Ora-24795:illegal COMMIT attempt made
Ora-29855:error occurred in the execution of Odciindexcreate routine
Ora-20000:oracle Text Error:
Drg-50857:oracle error in DRVDDL. Indexcreate
Ora-20000:oracle Text Error:
Drg-50857:oracle error in DRVDML. Maintainktab
Ora-24795:illegal COMMIT attempt made
Ora-06512:at "Ctxsys. Drue ", line 160
Ora-06512:at "Ctxsys. Textindexmethods ", line 364
To avoid the error, please use one of the following solutions

1. Don ' t use a 32k-blocksized tablespace to store the internal index objects
-OR-
2. Download Patch 5596325 from Metalink and apply it as described in the README file.

Look, there's probably not enough table space to create an index.

Reports-->dba-->total free space   pl/sql Developer tool to view the remaining space in the Tablespace
Select * from V$datafile;               View data file information

Contact Us

The content source of this page is from Internet, which doesn't represent Alibaba Cloud's opinion; products and services mentioned on that page don't have any relationship with Alibaba Cloud.

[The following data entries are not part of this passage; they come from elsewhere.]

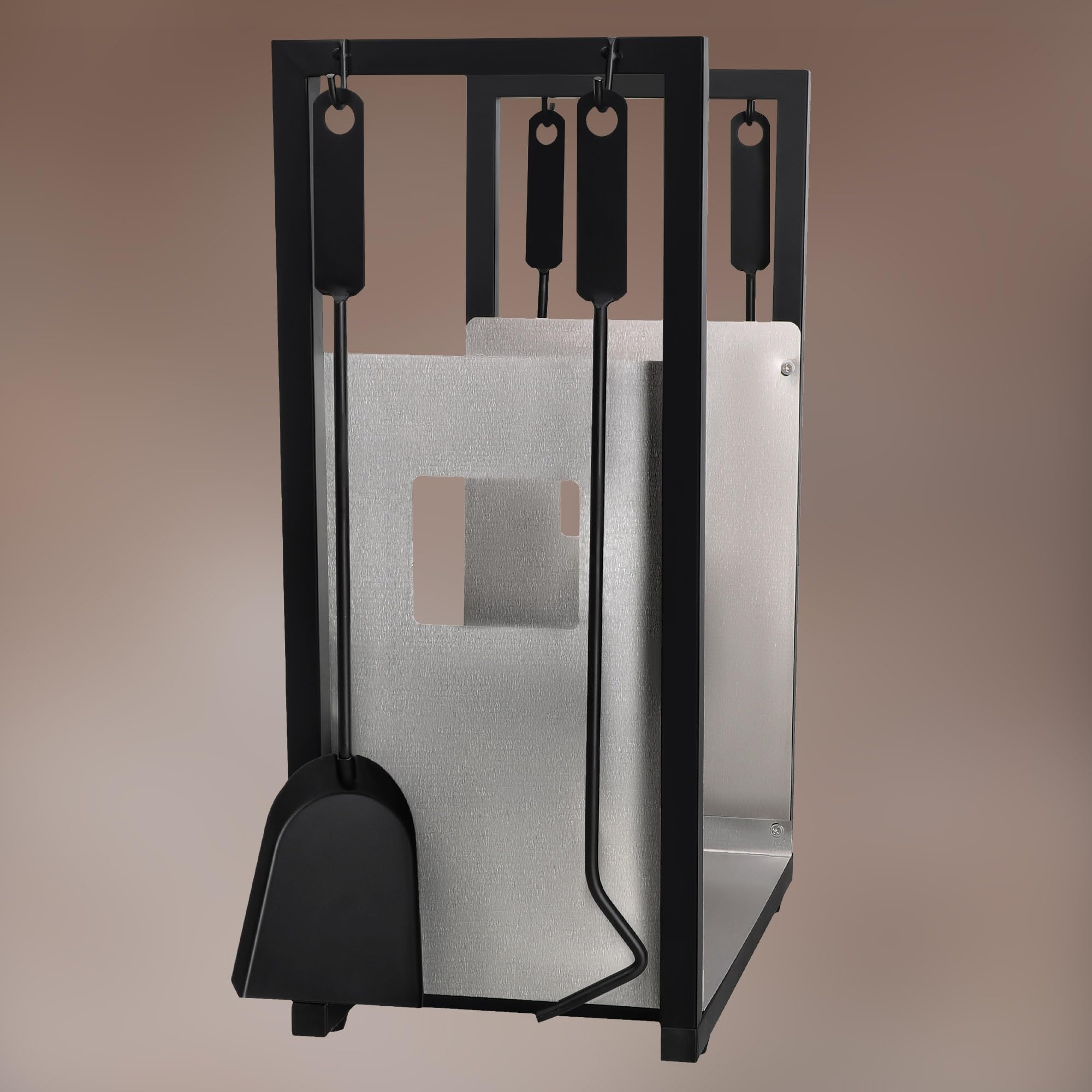 KOTARBAU® Kaminholzregal Innen Modern Ofenbesteck Kaminbesteck Schaufel Besen Kaminzange Schürhakenfür Brennholzregal Holzständer für Kaminholz Brennholzkorb Holzlager
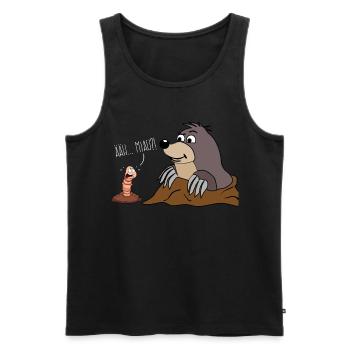 Taupe et ver de terre - graphiques amusants - Débardeur bio Premium Homme - noir - Devant - AI Model Male 178 light (178cm)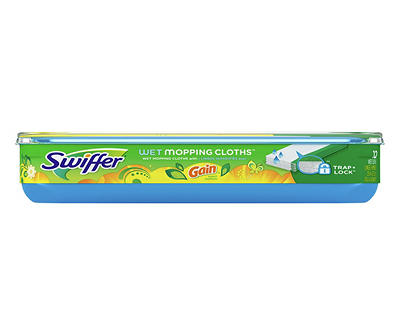Swiffer Sweeper Wet Mopping Cloths, with Gain Scent, 12 count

If the content of the page makes you feel confusing, please write us an email, we will handle the problem within 5 days after receiving your email.

If you find any instances of plagiarism from the community, please send an email to: info-contact@alibabacloud.com and provide relevant evidence. A staff member will contact you within 5 working days.

A Free Trial That Lets You Build Big!

Start building with 50+ products and up to 12 months usage for Elastic Compute Service

  • Sales Support

    1 on 1 presale consultation

  • After-Sales Support

    24/7 Technical Support 6 Free Tickets per Quarter Faster Response

  • Alibaba Cloud offers highly flexible support services tailored to meet your exact needs.